_Task item:_
Your task is to give the listing below back word for word, pictures excluded.

+++++

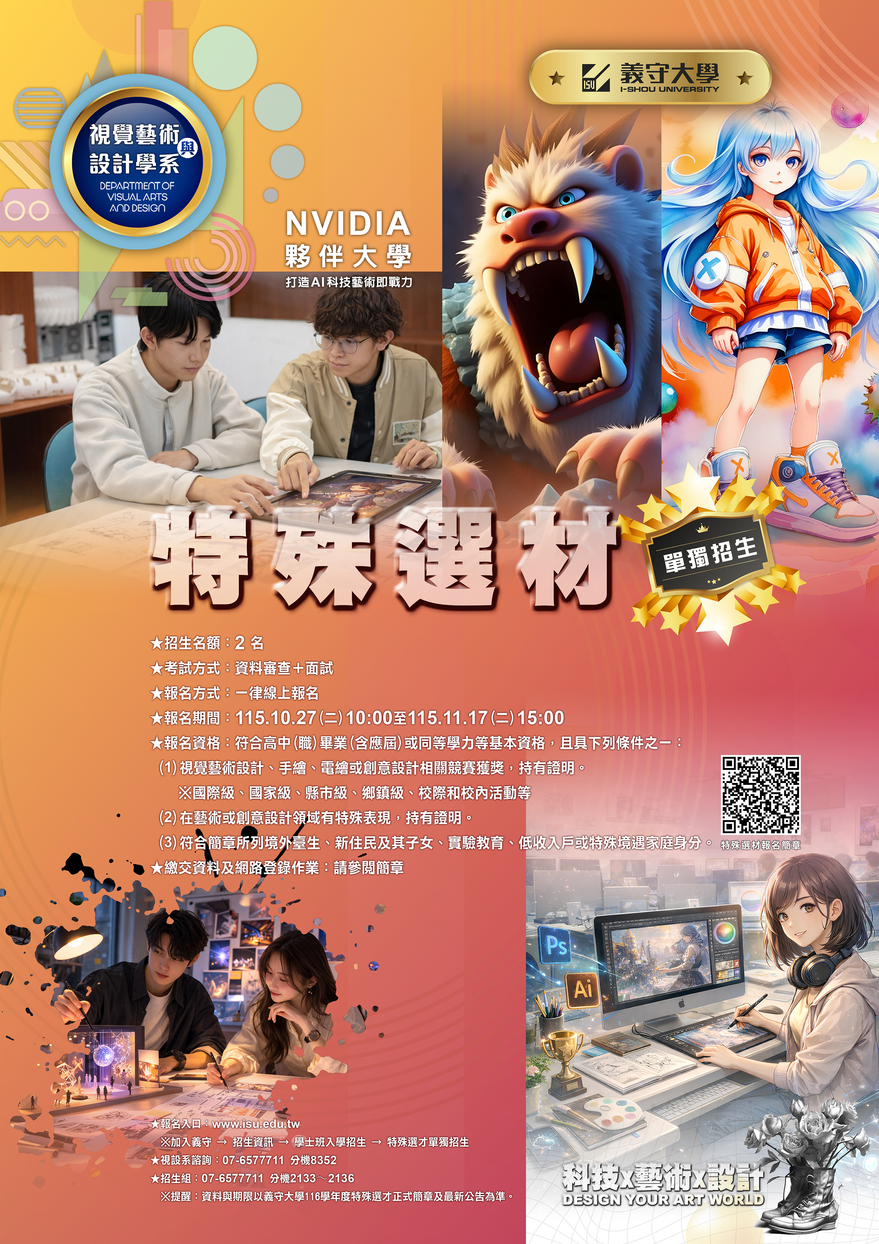 特殊選材-單獨招生-A4海報圖片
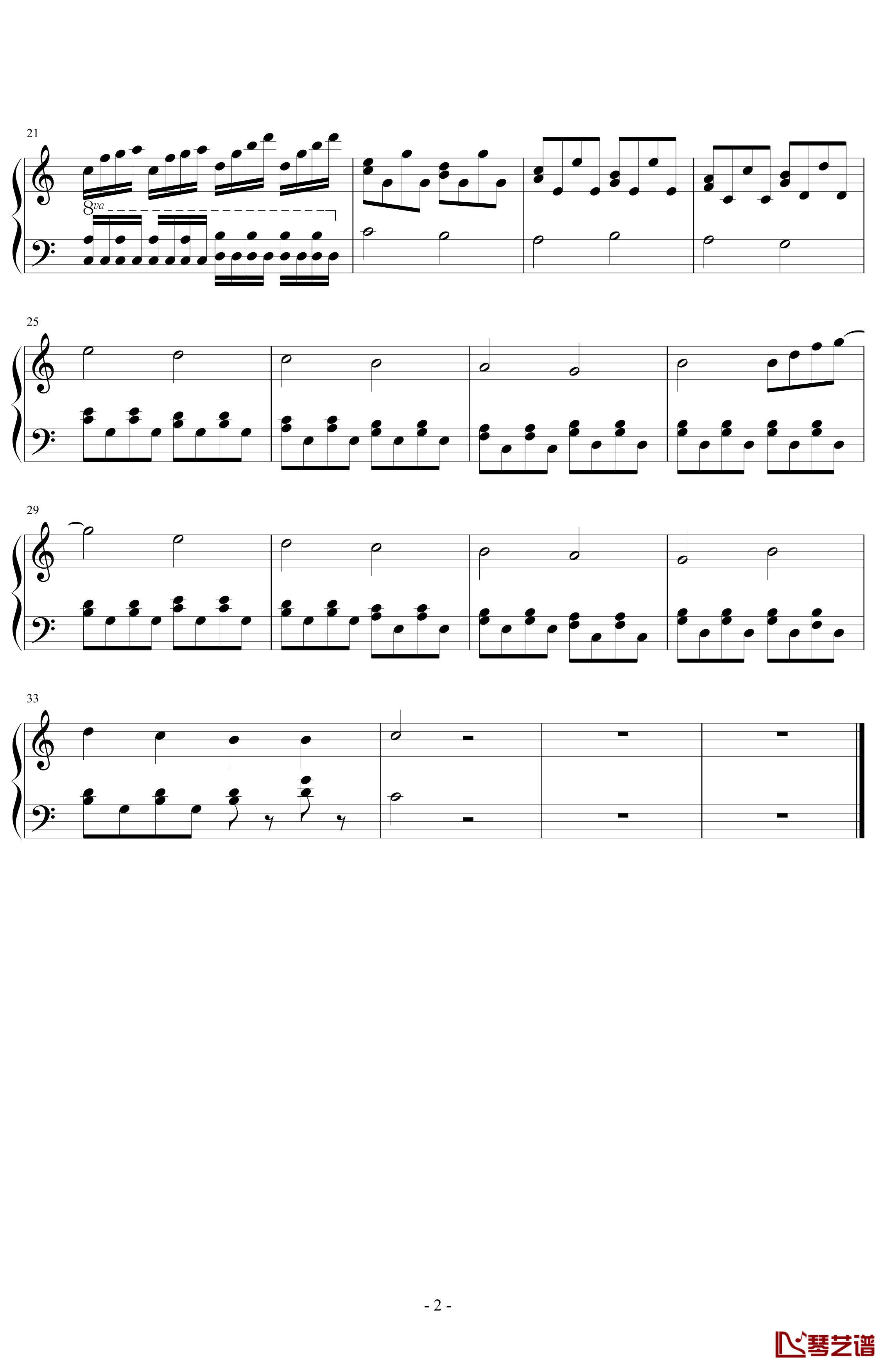 龙猫钢琴谱-弗兰克2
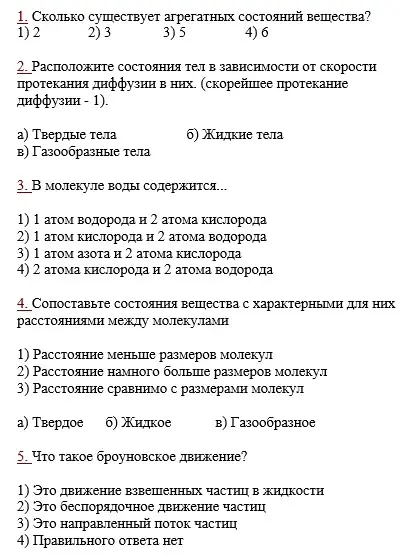 Ты просишь ответить на вопросы по физике: Сколько существует агрегатных состояний вещества?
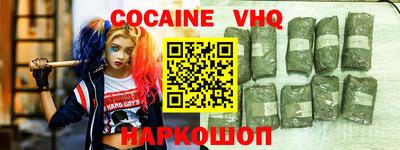гашик Конаково
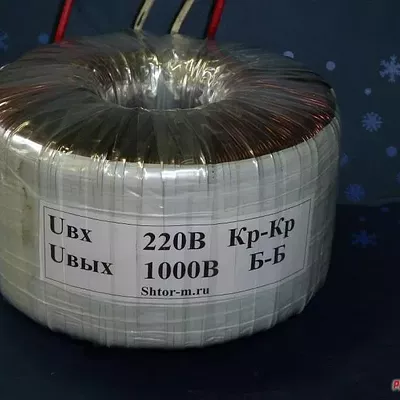Трансформатор ТТВ 2000.2
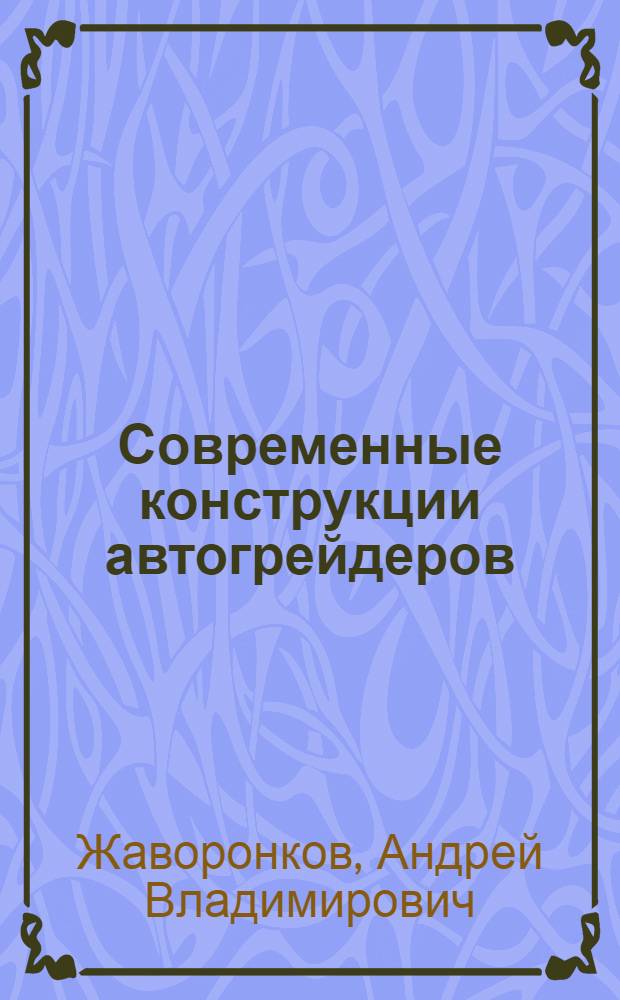 Современные конструкции автогрейдеров : Обзор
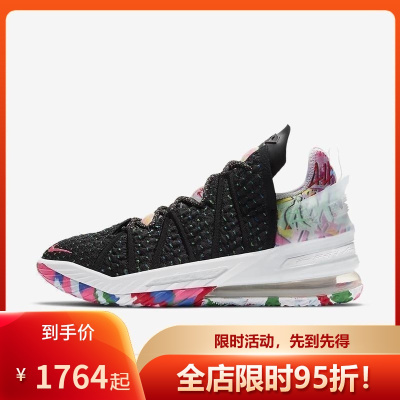 NIKE耐克LeBron18勒布朗18代战靴耐磨篮球鞋运动鞋男子CQ9283-004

+++++

_Your solution:_
 特殊選材-單獨招生-A4海報圖片
 龙猫钢琴谱-弗兰克2
 Ты просишь ответить на вопросы по физике: Сколько существует агрегатных состояний вещества?
гашик Конаково
Трансформатор ТТВ 2000.2
 Современные конструкции автогрейдеров : Обзор
 NIKE耐克LeBron18勒布朗18代战靴耐磨篮球鞋运动鞋男子CQ9283-004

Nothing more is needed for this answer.